Moore went on to say that features that were in the expected, whole or ideal product always migrate into the core product.  For example, seat belts.  Years ago seat belts were a feature, then become standard equipment, then became almost an afterthought as more and more safety devices were added.  Today, cars are designed with a vast array of safety devices that were almost unimaginable to manufacturers even 20-30 years ago.  Safety has become a component of the core product.

Whole Product (2.0)

The reason that whole product is becoming even more interesting is that the notion of product is expanding and many companies will soon be shifting to innovation "beyond the product".  The very nature of product offerings is changing rapidly, as Uber and other asset-less companies demonstrate.  As Software as a Service and other "as a service" models demonstrate, increasingly there isn't a "product" per se, but a number of services wrapped up as a product offering.  Thus, service innovation, business model innovation, channel innovation are becoming more important, and the definition of a "whole product" - what the vast majority of customers want to acquire - is rapidly expanding.  In fact the whole nomenclature may be wrong - it may be that we should be calling this the "whole solution" to move away from "product" nomenclature.  Somewhere in the offering there may be tangible products, but increasingly the services, business models, data, platforms and even ecosystems will be what draw customers to a solution.

Impacts on Innovation

This is, and will, have a huge impact on innovation.  First, product innovation is almost passe.  That's not to say we won't continue to innovate products - we will - but increasingly many innovations will happen "beyond the product" or to augment the tangible product. In fact I suspect much of the value of the innovation in the future will be in the augmented services, channels and business models.

Second, while many corporations and consultants are relatively good at incremental product innovation, there's far less experience around innovation outside of tangible products.  If you thought disruptive innovation around a tangible product was challenging, wait until you try to imagine the services, experiences and business models that must be provided to attract customers in the future. 

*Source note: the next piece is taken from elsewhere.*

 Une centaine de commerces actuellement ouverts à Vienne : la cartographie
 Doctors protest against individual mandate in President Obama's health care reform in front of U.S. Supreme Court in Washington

Third, the expansion of innovation beyond the product means that innovation change will be more dramatic, more sweeping.  Companies will need greater cross-functional participation in innovation because so many different components of their capabilities will be required, from channels to distribution to marketing to product management, and even finance.  This doesn't necessarily make innovation more difficult, just demands more strategic direction and more collaboration.

Fourth, this means that future innovation activity will need to be much more customer-centered, less technology centered and much more integrative.  As innovators we need to think about the second and third level needs and expectations of customers, well beyond the core product.  This will lead to thinking about how and where the product is acquired, used, supported, connected to the Internet or other data exchange systems, how the acquisition or use is funded and many other concepts that are either ignored or outsourced to third parties today.

What's your new "whole product" definition?  What do your customers need in order to acquire the newer intangible services you'll offer?  Do you have the skills to conceive, design and implement around the innovation beyond the product requirements?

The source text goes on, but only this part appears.